> **WHAT IS BEING ASKED**
The answer should hold exactly the lines of the entries below from the one containing "JWAAQ_Boys_Cable_Knit_Cardigan" through the last line, both included.

> **DATA RECORDS**
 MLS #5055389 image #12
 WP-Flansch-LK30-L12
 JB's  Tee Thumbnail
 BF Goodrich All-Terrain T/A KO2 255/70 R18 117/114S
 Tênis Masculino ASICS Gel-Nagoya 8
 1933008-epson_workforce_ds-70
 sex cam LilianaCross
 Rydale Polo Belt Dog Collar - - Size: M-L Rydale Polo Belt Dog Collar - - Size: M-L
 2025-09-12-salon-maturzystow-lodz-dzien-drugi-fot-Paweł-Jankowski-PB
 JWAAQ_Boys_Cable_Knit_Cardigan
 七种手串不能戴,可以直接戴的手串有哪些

> **TASK OUTPUT**
 JWAAQ_Boys_Cable_Knit_Cardigan
 七种手串不能戴,可以直接戴的手串有哪些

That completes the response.